Rozdział 56

1.1K 41 10
                                    


- Puszczaj mnie. — Wywarczałam, wyrywając się z jego uścisku.

- Musimy porozmawiać. — Powiedział, nieugięty.

- Nie mam zamiaru z tobą rozmawiać, Nathanielu. Nie po tym wszystkim.

- Przypominam ci, że należysz do mnie. Jesteś moja czy ci się to podoba, czy też nie. — Również warknął, skanując moją twarz.

Nigdy wcześniej dla mnie taki nie był, co również potęgowało mój strach.

- Nie jestem twoja. — Zaśmiałam się gorzko. — Nie jestem i nigdy twoja nie będę. To mój ojciec namieszał, więc niech on poniesie za to konsekwencje. Ja na nic się nie zgadzałam!

- Podpisał dokument. Mogę zrobić z tobą wszystko, co żywnie mi się podoba. — Odparł nie opuszczając ze mnie wzroku.

Nie poznawałam go.

- Jesteś śmieszny. — Pokręciłam głową z próbą odejścia.

- Powiedziałem, że porozmawiamy i tak będzie, Camillo. — Syknął, boląco łapiąc mnie za nadgarstek.

- Co, teraz bawisz się w damskiego boksera? — Zaśmiałam się, nie odrywając wzroku od jego czarnych tęczówek. — No dalej, uderz mnie. Zrób to. — Zachęcałam go, lecz ten ani drgnął. — Co, nagle nic już nie powiesz? No dalej, zrób to. Zrób to, co wszyscy robili ze mną do tej pory. W końcu jestem workiem treningowym.

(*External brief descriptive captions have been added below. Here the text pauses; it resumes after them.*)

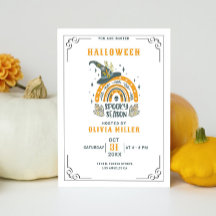 Heksen Pet & Regenboog Minimalistisch Halloween Pa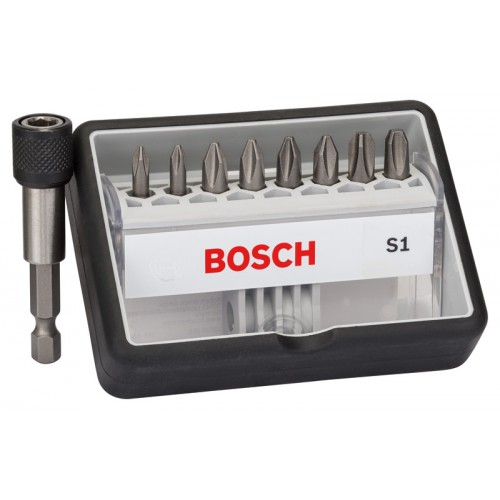 BOSCH 8+1-częściowy zestaw końcówek wkręcających Robust Line, S Extra-Hart 2607002560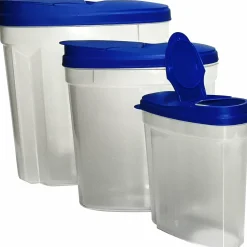 Set 3 Contenitori con Coperchio Dosatore in Polipropilene Food Organizer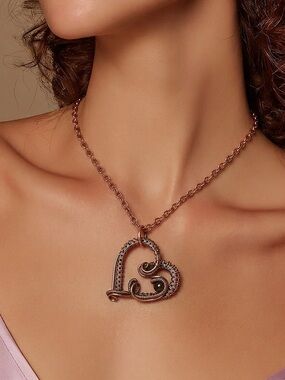 Hand Wrapped Red Garnet Artisan Copper Wire Wrapped Heart Necklace ✨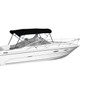 Westland 4-bow bimini top in black Sharkskin Plus fabric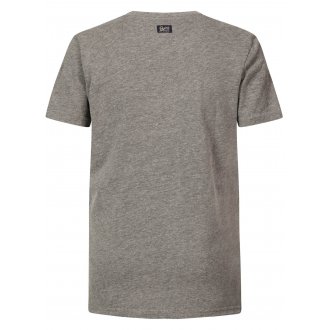 T-shirt Petrol Industries avec un col rond gris chiné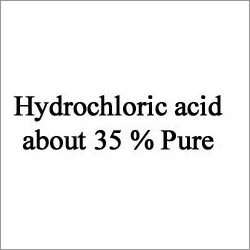 Hydrochloric Acid About 35 Percent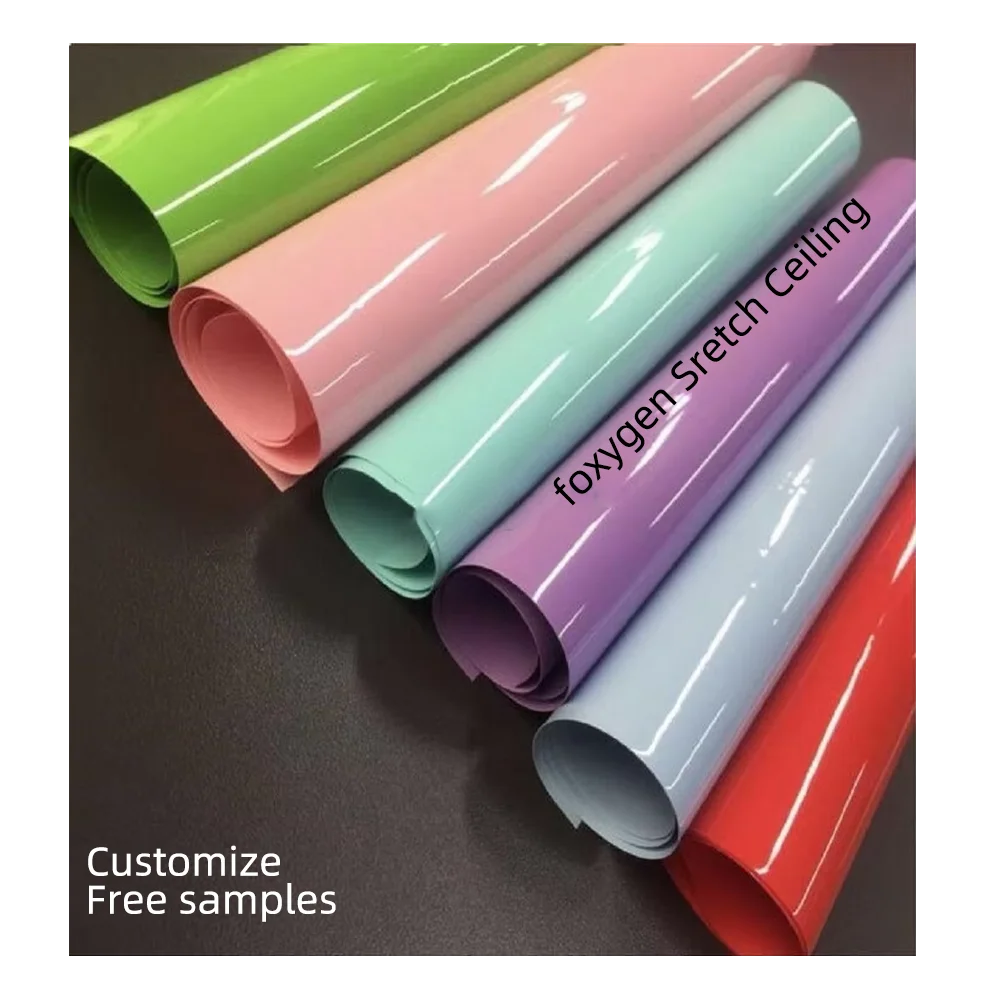 premium pvc glossy stretch ceiling membrane 1550m customize  get free samples-0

- Nie mów tak. — Wysyczał przez zaciśnięte żeby. — Nigdy więcej tak na siebie nie mów, Camillo.

- A nie mówię prawdy? Patrz, co teraz robisz. — Uniosłam dłoń, na której zaciskały się jego palce.

Ten panicznie rozluźnił swój nacisk i spojrzał ponownie w moje oczy.

- Nie mam nic więcej do powiedzenia. — Powiedziałam, ale ten mnie do siebie pociągnął, zarzucając moje ciało na swój bark.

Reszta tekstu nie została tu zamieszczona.